Brief descriptive captions
-*-*-

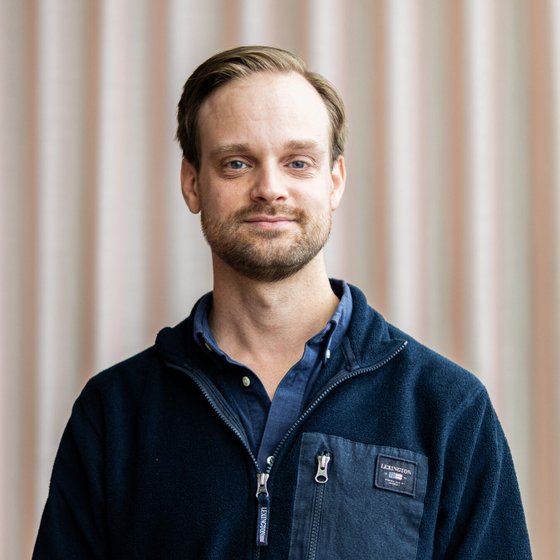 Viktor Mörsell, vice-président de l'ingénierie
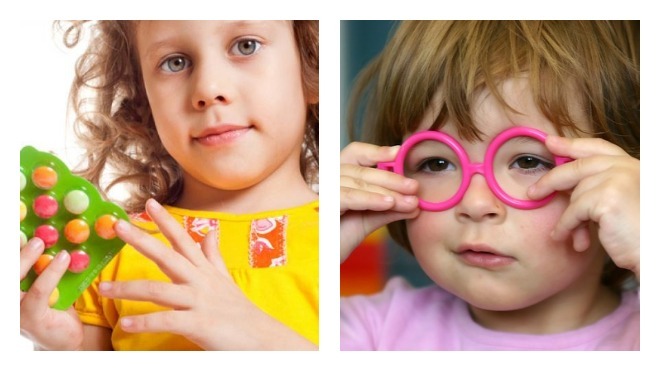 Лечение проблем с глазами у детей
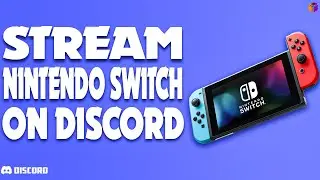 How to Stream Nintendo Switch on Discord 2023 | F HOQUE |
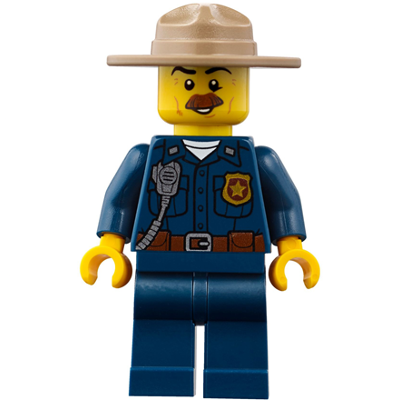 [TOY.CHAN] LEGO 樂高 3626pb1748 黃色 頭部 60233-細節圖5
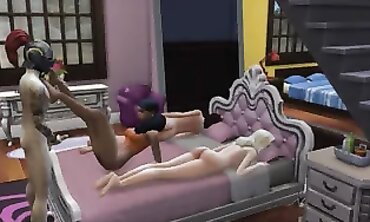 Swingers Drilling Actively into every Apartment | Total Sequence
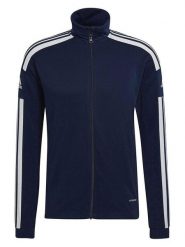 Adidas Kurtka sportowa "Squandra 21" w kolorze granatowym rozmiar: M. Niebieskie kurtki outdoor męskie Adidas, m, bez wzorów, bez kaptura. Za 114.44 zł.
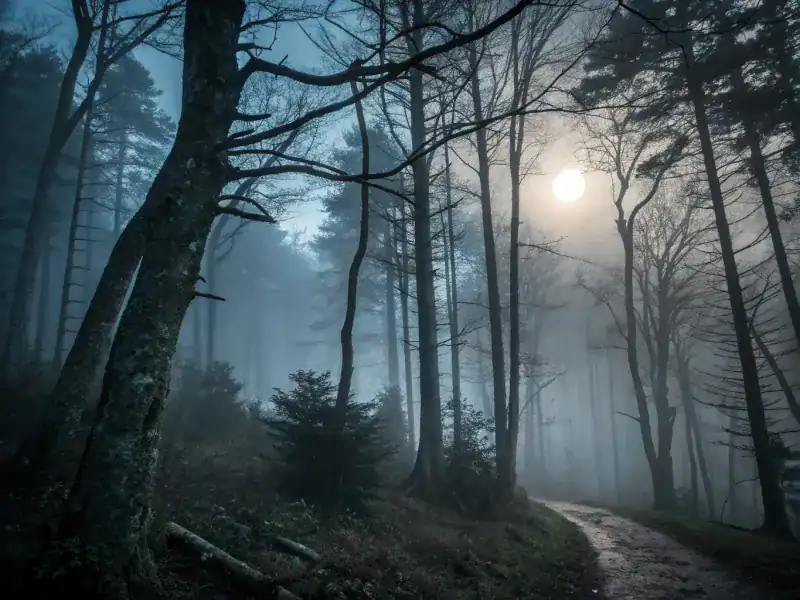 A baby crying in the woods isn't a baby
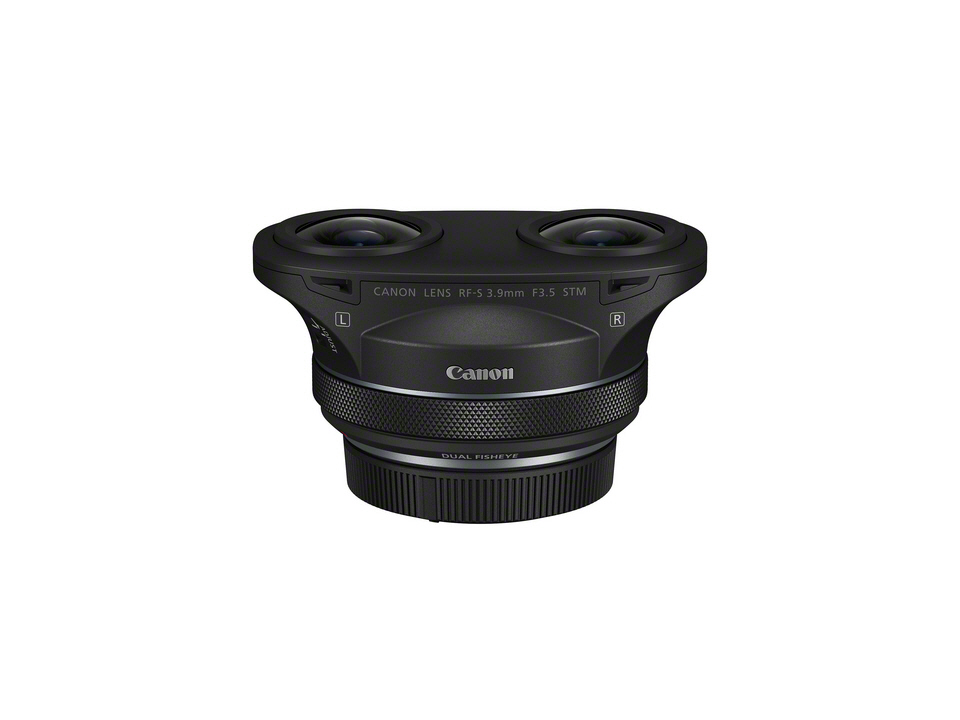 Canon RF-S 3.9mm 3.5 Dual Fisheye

-*-*-

Aim of the exercise:
Retype each record exactly as it stands, but do not include the pictures.

Answer section:
 Viktor Mörsell, vice-président de l'ingénierie
 Лечение проблем с глазами у детей
 How to Stream Nintendo Switch on Discord 2023 | F HOQUE |
 [TOY.CHAN] LEGO 樂高 3626pb1748 黃色 頭部 60233-細節圖5
 Swingers Drilling Actively into every Apartment | Total Sequence
 Adidas Kurtka sportowa "Squandra 21" w kolorze granatowym rozmiar: M. Niebieskie kurtki outdoor męskie Adidas, m, bez wzorów, bez kaptura. Za 114.44 zł.
 A baby crying in the woods isn't a baby
 Canon RF-S 3.9mm 3.5 Dual Fisheye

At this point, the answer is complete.